# Data preprocessing

In [1]:
import pandas
import numpy as np
import sklearn.linear_model as lm
from sklearn.model_selection import KFold
from sklearn import preprocessing as pre
import random
import matplotlib.pyplot as plt



## Reading data

In [2]:
housing = pandas.read_csv('./housing.csv')

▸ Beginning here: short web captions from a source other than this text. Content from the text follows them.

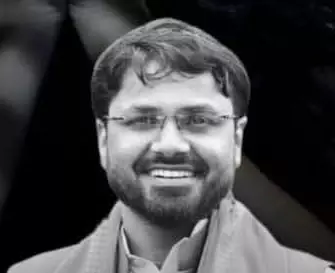 राहुल टिकरिहा ने आरोपकर्ता को बताया कथित चाचा राहुल टिकरिहा ने आरोपकर्ता को बताया कथित चाचा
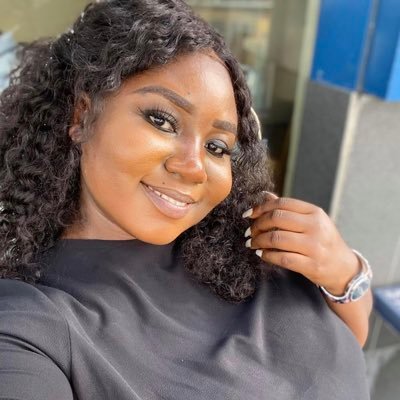 queeninternati1's profile picture. All rounded chick. Tech,beauty, hospitality,travel … like I said all rounder 🙀.Fun and approachable #sapiosexual #Gods favorite kid 😇😇😇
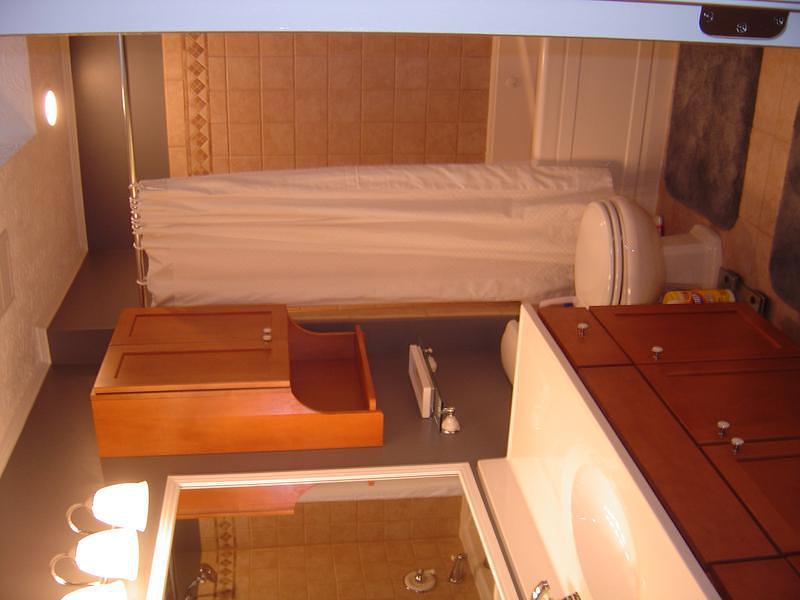 Guest Bathroom 1.JPG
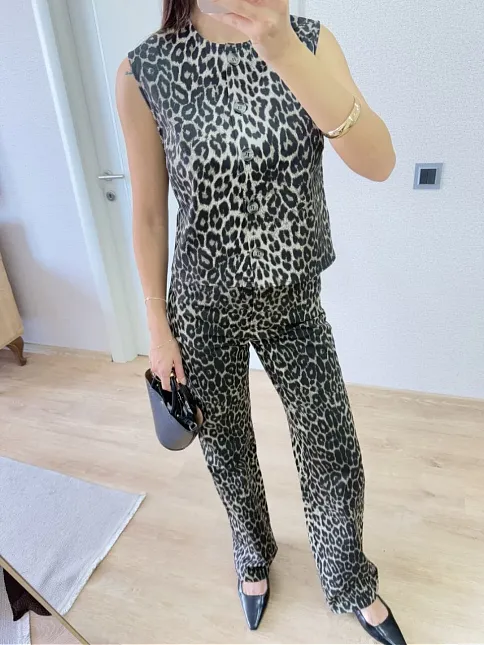 Leopar Desenli Düğmeli Bluzlu Pantolon İkili Takım -leopar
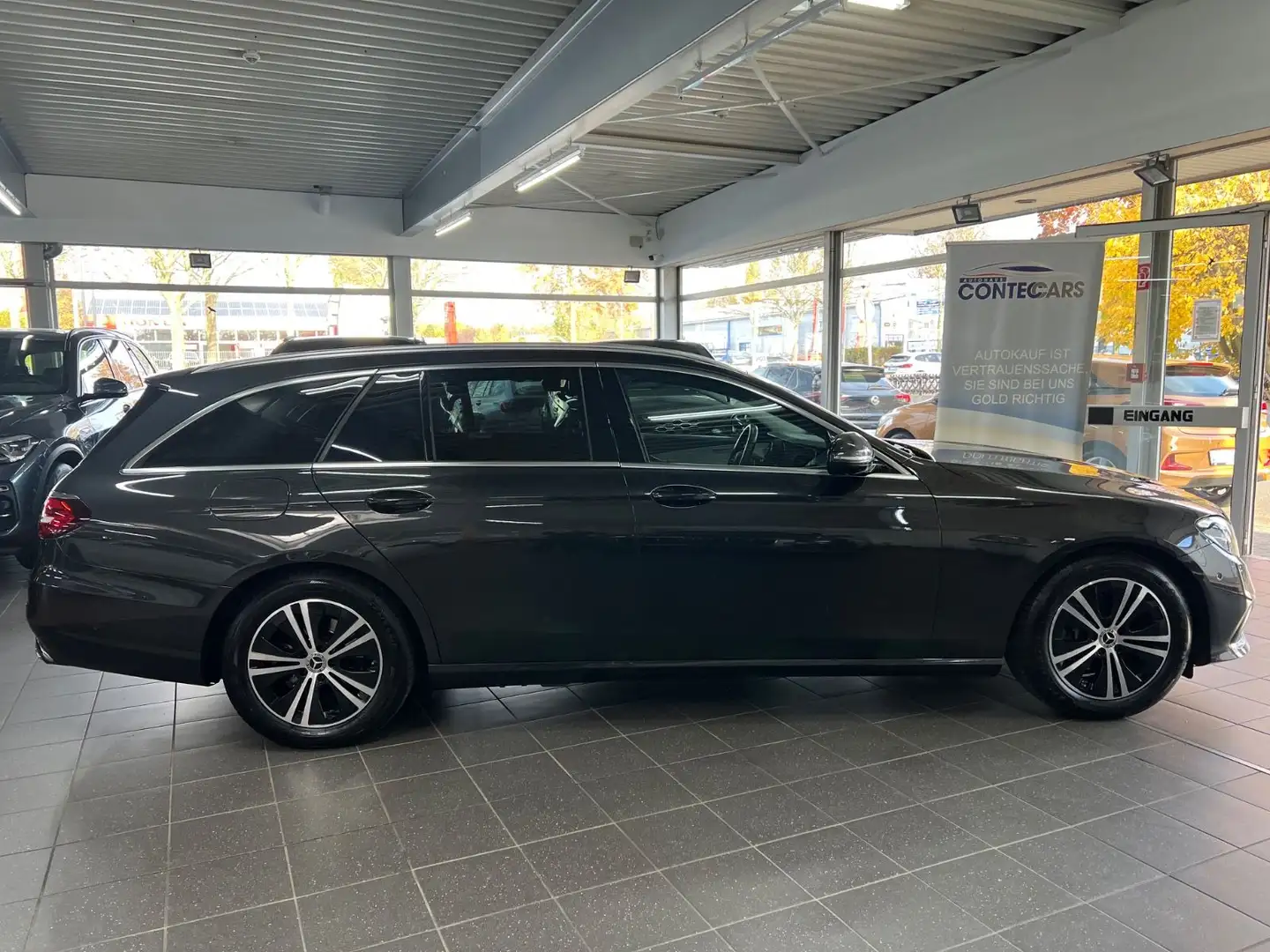 Mercedes-Benz E 220 d T 2x Avantgarde AHK+Spur und Park Paket Gris - 1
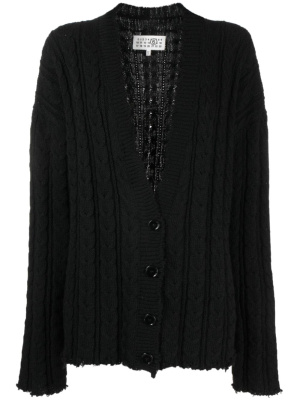 V-neck virgin wool-blend cardigan, MM6 Maison Margiela V-neck virgin wool-blend cardigan
V-neck virgin wool-blend cardigan, MM6 Maison Margiela V-neck virgin wool-blend cardigan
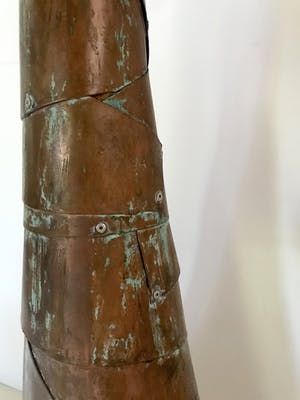 Niet of onleesbaar gesigneerd - Modern Groot Koperen Object kopen? Bied vanaf 1!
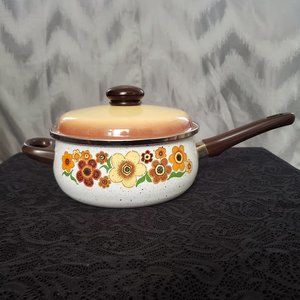 Vintage 1970s Crowning Touch Harvest Blossom saucepan w/ lid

## Transform ocean_proximity column to 5 binary-valued columns

In [3]:
housing['1h_ocean'] = [1 if i=='<1H OCEAN' else 0 for i in housing.ocean_proximity.values]
housing['island'] = [1 if i=='ISLAND' else 0 for i in housing.ocean_proximity.values]
housing['inland'] = [1 if i=='INLAND' else 0 for i in housing.ocean_proximity.values]
housing['near_ocean'] = [1 if i=='NEAR OCEAN' else 0 for i in housing.ocean_proximity.values]
housing['near_bay'] = [1 if i=='NEAR BAY' else 0 for i in housing.ocean_proximity.values]
housing.drop(columns=['ocean_proximity'], inplace=True)

## Filling missing data

Missing total_bedroom values are predicted through linear regression with total_rooms values

In [4]:
notna = housing.total_bedrooms.notna()
model = lm.LinearRegression()
model.fit(housing.total_rooms.values[notna].reshape(-1,1), housing.total_bedrooms.values[notna].reshape(-1,1))
isna = housing.total_bedrooms.isna()
missing_bedrooms = model.predict(housing.total_rooms.values[isna].reshape(-1,1))
housing.total_bedrooms.loc[isna] = np.squeeze(missing_bedrooms)

A value is trying to be set on a copy of a slice from a DataFrame

See the caveats in the documentation: http://pandas.pydata.org/pandas-docs/stable/indexing.html#indexing-view-versus-copy
  self._setitem_with_indexer(indexer, value)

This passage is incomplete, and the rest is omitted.